• _Assignment_:
Each line in the data must be reproduced as written, except for any picture.

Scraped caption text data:
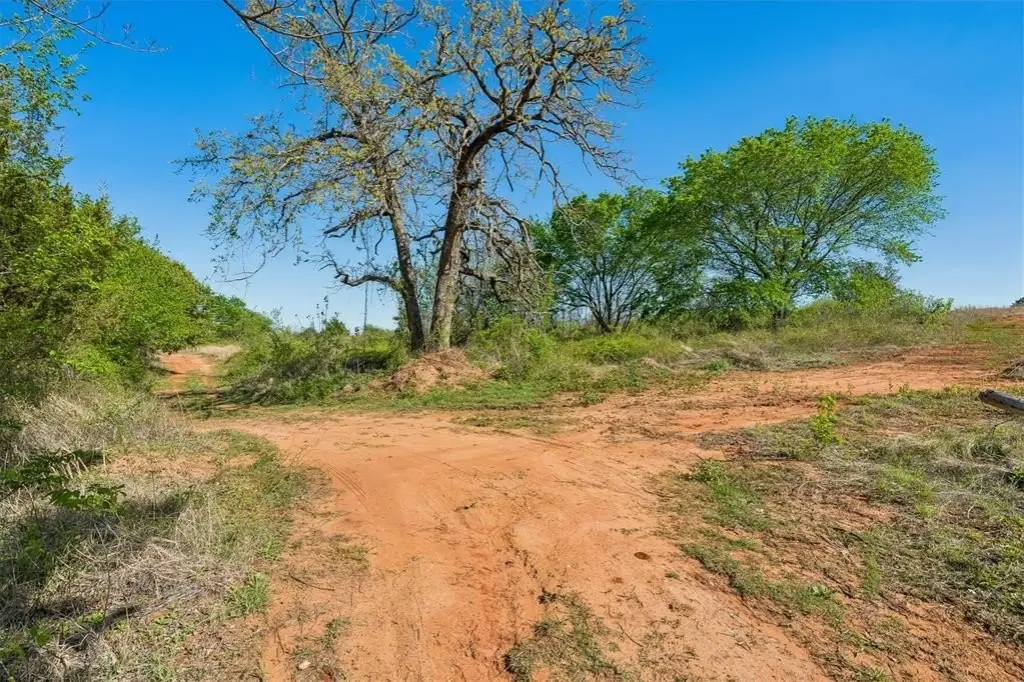 Picture 28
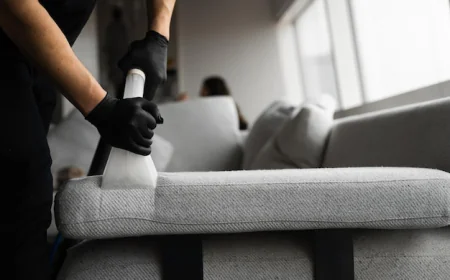 Professional Furniture Cleaning Services for a Healthier and More Comfortable Living Space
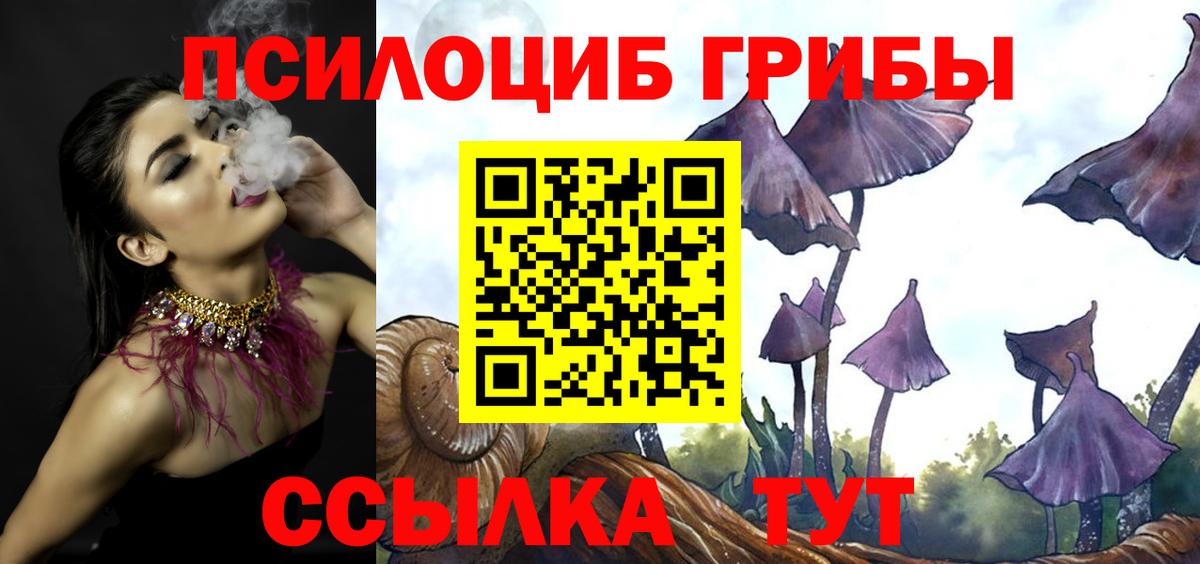Гурьевск  Псилоцибиновые грибы мухоморы  Вход с VPN 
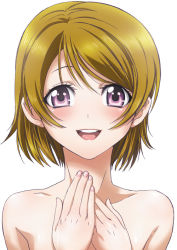 Rule 34 | 10s, 1girl, :d, blush, brown hair, completely nude, hands on own chest, koizumi hanayo, love live!, love live! school idol project, nanno koto, nude, open mouth, purple eyes, short hair, smile, solo, swept bangs, upper body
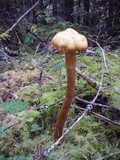 Chroogomphus tomentosus image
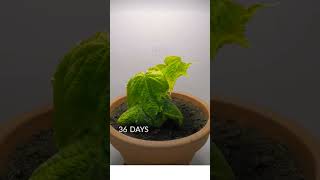 How grow seed to cucumber gardening justiesforsidhumoosewala gardeningdiljitdoshanj indoorplant [upl. by Dnomrej]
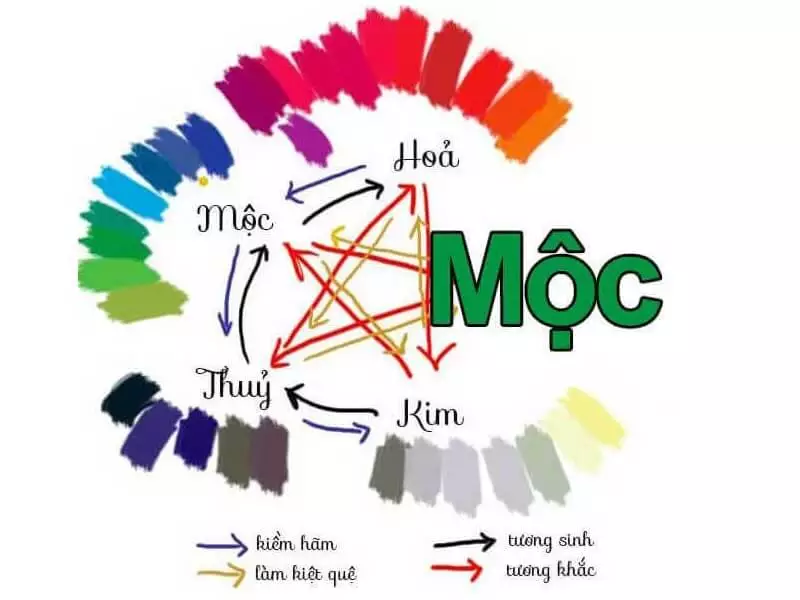 Mệnh Mộc hợp mệnh nào? Giải mã phong thuỷ tình duyên, làm ăn và cách ứng dụng thực tiễn Người mệnh Mộc hợp với mệnh nào nhất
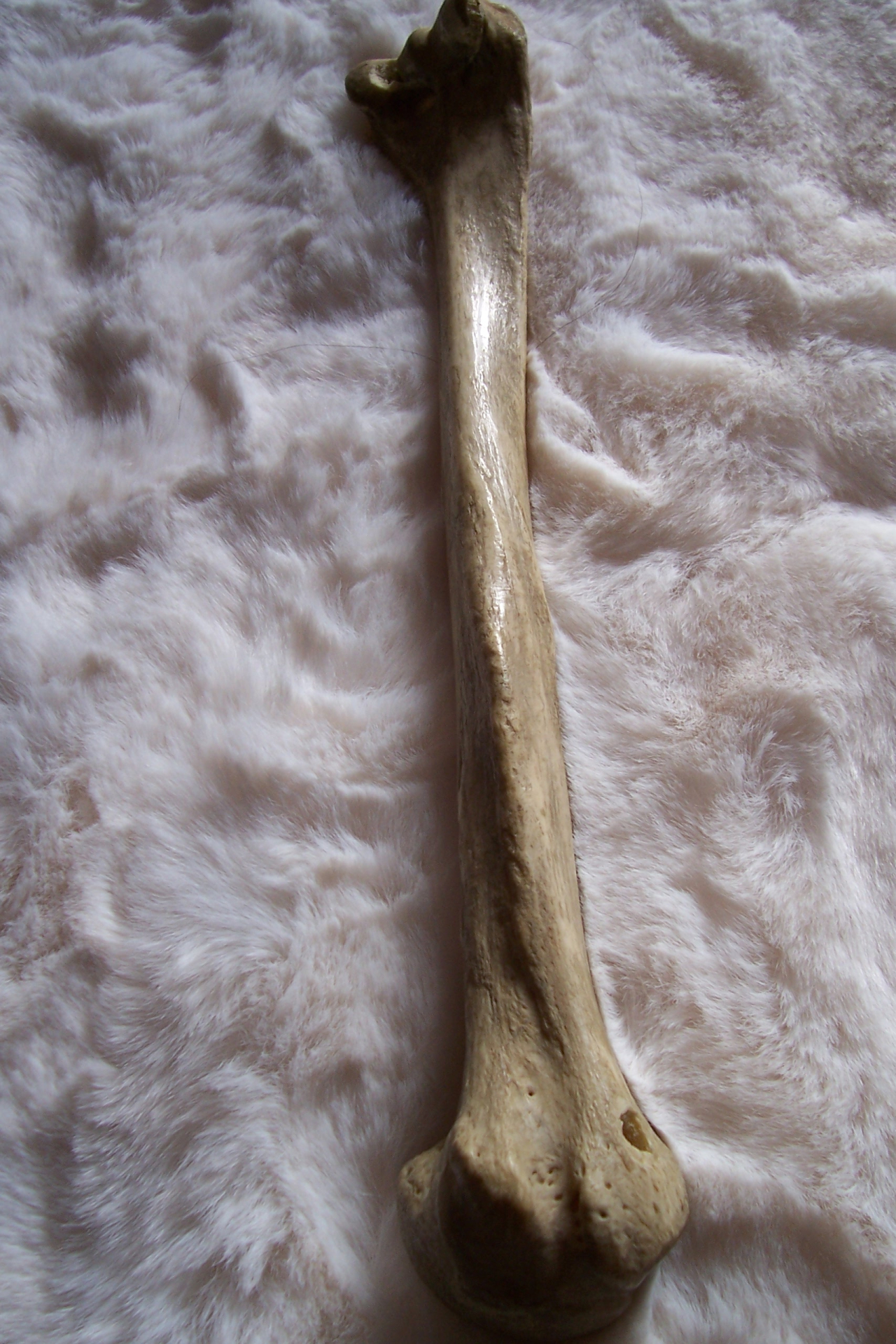 Knochen aus Präparatornachlass – Bild 5
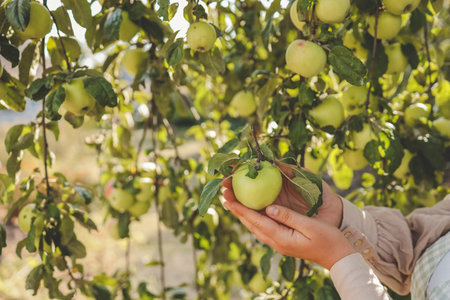 Farmer picking green apple from tree. Woman harvesting fruit from branch at autumn season.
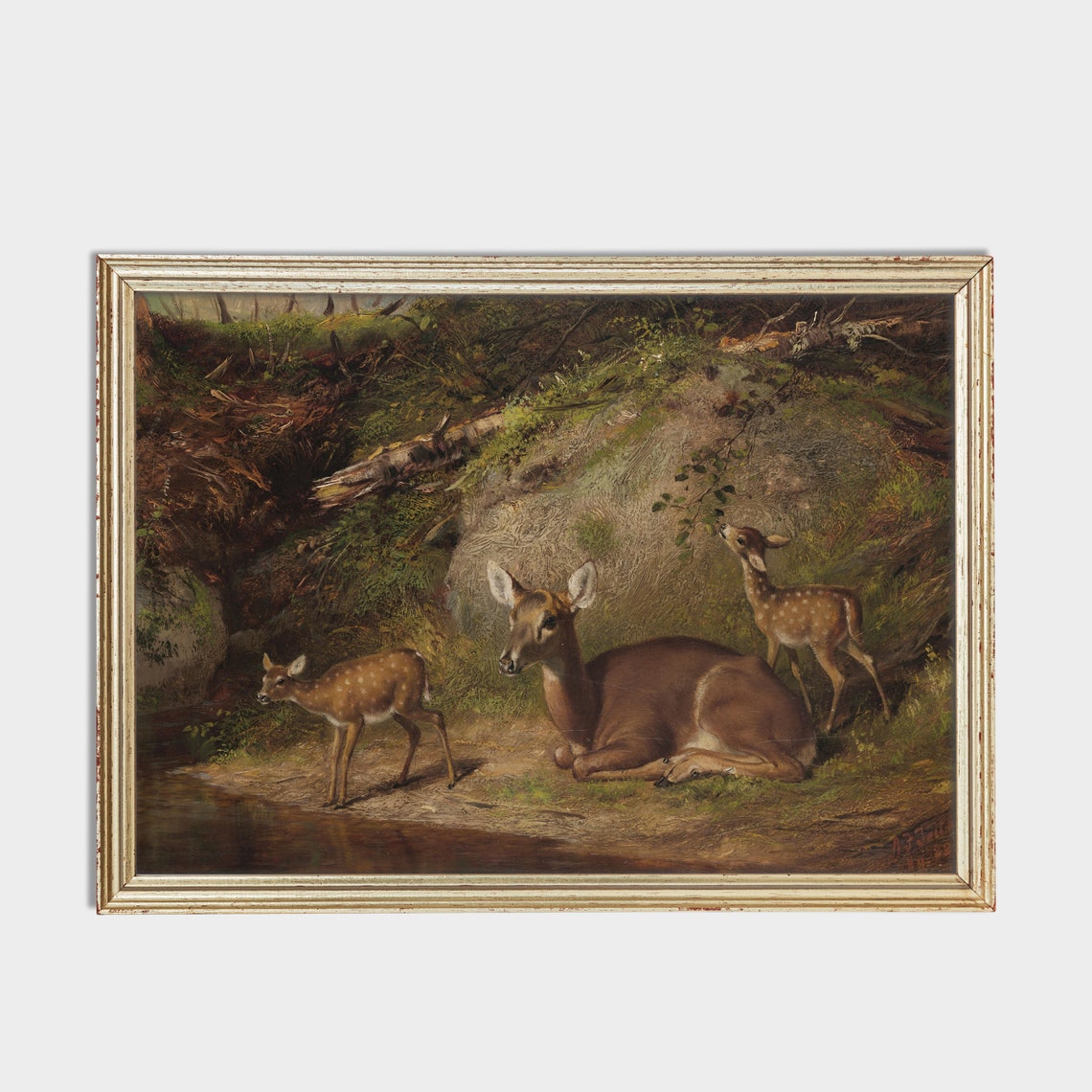 Doe With Two Spotted Fawns By A Forest Stream Vintage Wildlife Poster - Image 2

• _Response_:
 Picture 28
 Professional Furniture Cleaning Services for a Healthier and More Comfortable Living Space
Гурьевск  Псилоцибиновые грибы мухоморы  Вход с VPN 
 Rule 34 | 10s, 1girl, :d, blush, brown hair, completely nude, hands on own chest, koizumi hanayo, love live!, love live! school idol project, nanno koto, nude, open mouth, purple eyes, short hair, smile, solo, swept bangs, upper body
 Chroogomphus tomentosus image
 How grow seed to cucumber gardening justiesforsidhumoosewala gardeningdiljitdoshanj indoorplant [upl. by Dnomrej]
 Mệnh Mộc hợp mệnh nào? Giải mã phong thuỷ tình duyên, làm ăn và cách ứng dụng thực tiễn Người mệnh Mộc hợp với mệnh nào nhất
 Knochen aus Präparatornachlass – Bild 5
 Farmer picking green apple from tree. Woman harvesting fruit from branch at autumn season.
 Doe With Two Spotted Fawns By A Forest Stream Vintage Wildlife Poster - Image 2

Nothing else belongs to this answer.